Background: Gelastic seizure (GS) is a rare type of epilepsy that most commonly appears in patients with hypothalamic hamartoma. It is rarely associated with other types of brain damage. This particular type of epilepsy is relatively rare and has few links to other brain lesions. Temporal lobe malacia is mostly caused by cerebral infarction or cerebral hemorrhage, which can lead to seizures. We report a case of GS in a woman with temporal lobe malacia which was reported for the first time in the literature.

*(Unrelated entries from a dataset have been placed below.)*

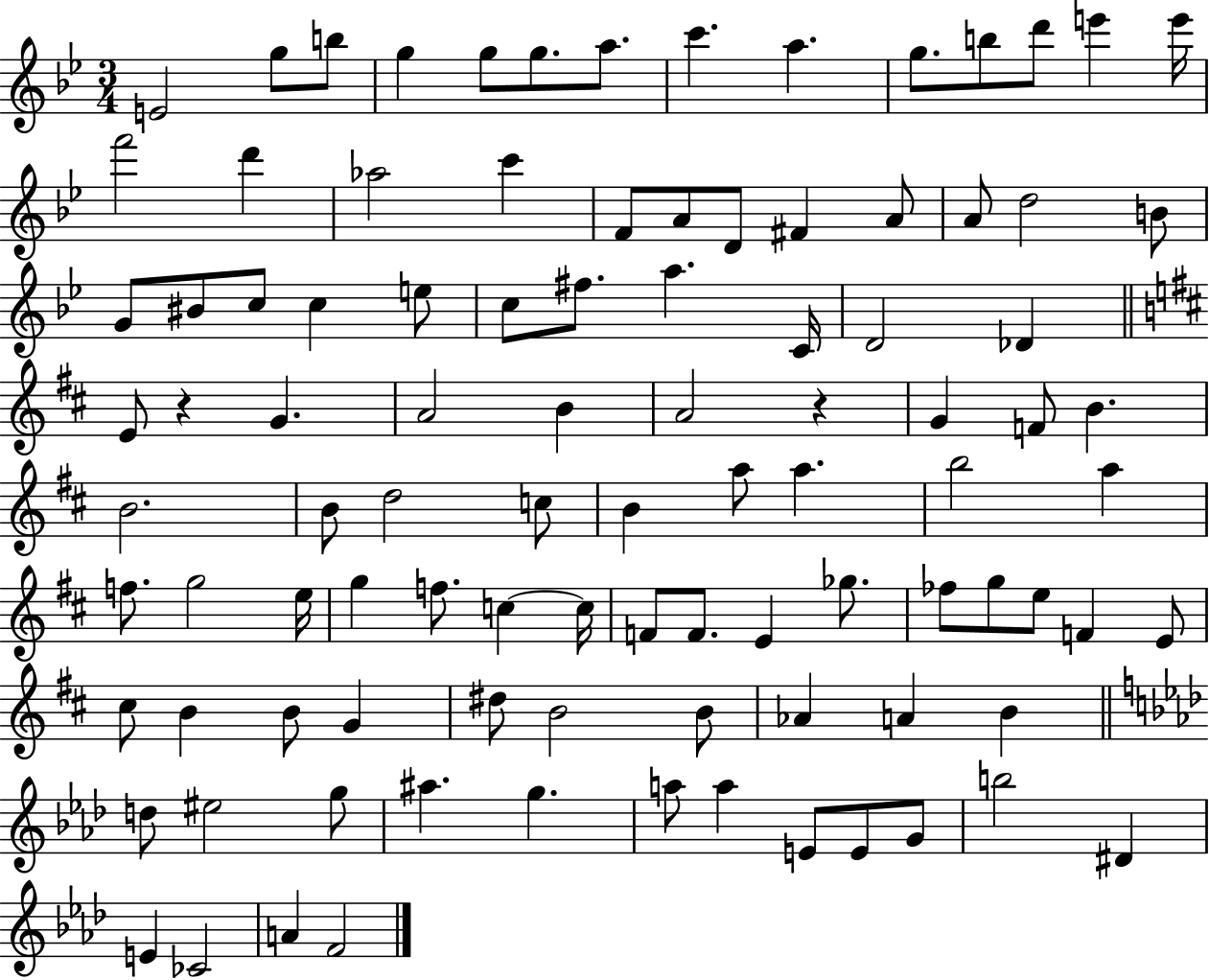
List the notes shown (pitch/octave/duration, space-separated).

E4/h G5/e B5/e G5/q G5/e G5/e. A5/e. C6/q. A5/q. G5/e. B5/e D6/e E6/q E6/s F6/h D6/q Ab5/h C6/q F4/e A4/e D4/e F#4/q A4/e A4/e D5/h B4/e G4/e BIS4/e C5/e C5/q E5/e C5/e F#5/e. A5/q. C4/s D4/h Db4/q E4/e R/q G4/q. A4/h B4/q A4/h R/q G4/q F4/e B4/q. B4/h. B4/e D5/h C5/e B4/q A5/e A5/q. B5/h A5/q F5/e. G5/h E5/s G5/q F5/e. C5/q C5/s F4/e F4/e. E4/q Gb5/e. FES5/e G5/e E5/e F4/q E4/e C#5/e B4/q B4/e G4/q D#5/e B4/h B4/e Ab4/q A4/q B4/q D5/e EIS5/h G5/e A#5/q. G5/q. A5/e A5/q E4/e E4/e G4/e B5/h D#4/q E4/q CES4/h A4/q F4/h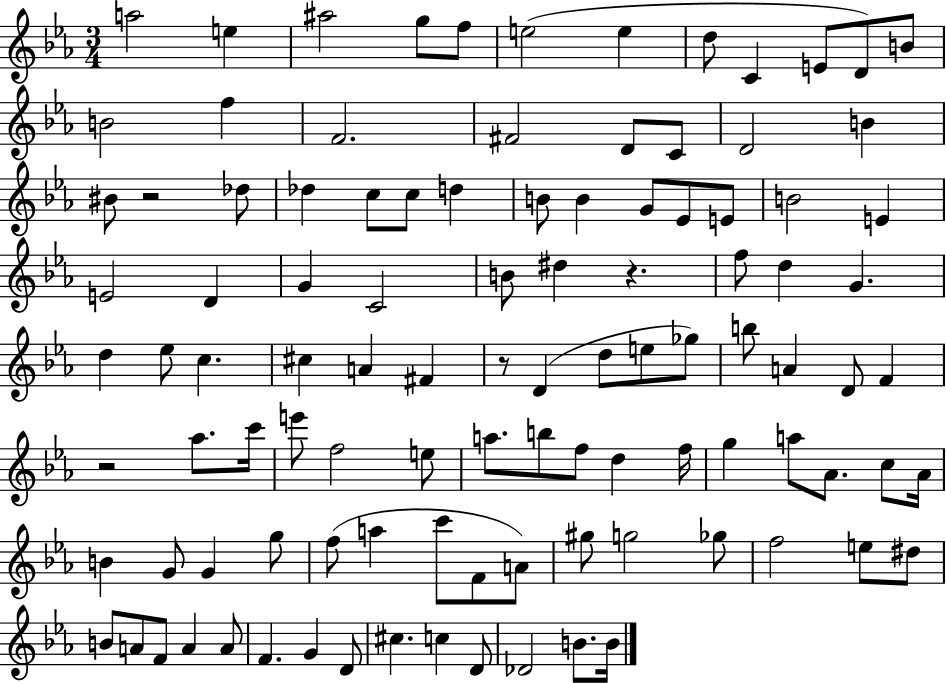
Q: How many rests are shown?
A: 4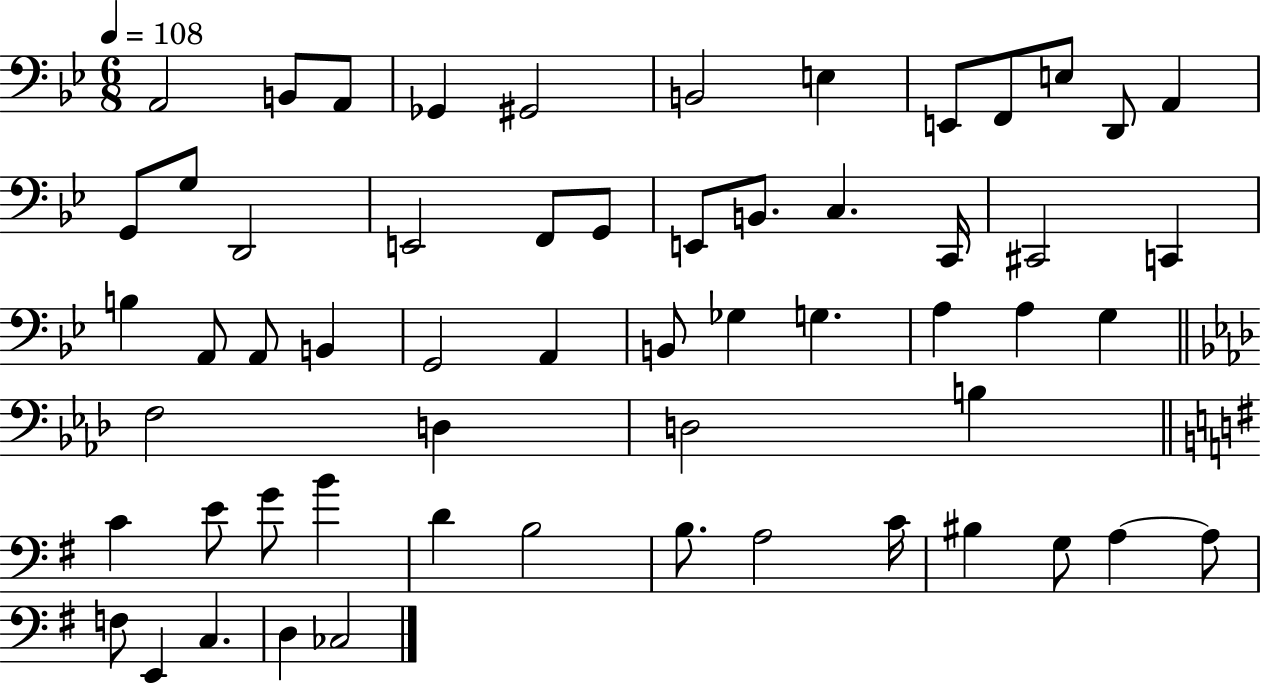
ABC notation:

X:1
T:Untitled
M:6/8
L:1/4
K:Bb
A,,2 B,,/2 A,,/2 _G,, ^G,,2 B,,2 E, E,,/2 F,,/2 E,/2 D,,/2 A,, G,,/2 G,/2 D,,2 E,,2 F,,/2 G,,/2 E,,/2 B,,/2 C, C,,/4 ^C,,2 C,, B, A,,/2 A,,/2 B,, G,,2 A,, B,,/2 _G, G, A, A, G, F,2 D, D,2 B, C E/2 G/2 B D B,2 B,/2 A,2 C/4 ^B, G,/2 A, A,/2 F,/2 E,, C, D, _C,2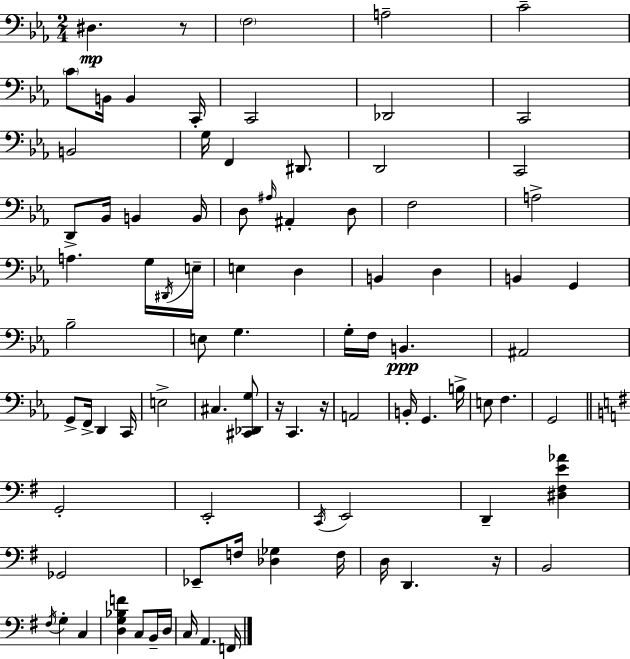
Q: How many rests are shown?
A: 4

Case Summary: A 73-year-old female, diagnosed case of GS, presented with repetitive stereotyped laughter a month prior to presentation, happening multiple times daily and with each time lasting for 5-15s. Electroencephalogram displayed a focal seizure seen in the right temporal region. Magnetic resonance imaging head with contrast showed a right temporal lobe malacia. The patient was started on levetiracetam daily. The patient indicated that they had fully recovered and were not experiencing any recurrent or stereotyped laughter during their daily routines. These results remained consistent even after a one-year follow-up period.

Conclusion: GS can be caused by temporal lobe malacia, which is an uncommon but potentially grave condition. The outcome of this present case exhibited the importance of the temporal lobe in the genesis of GS.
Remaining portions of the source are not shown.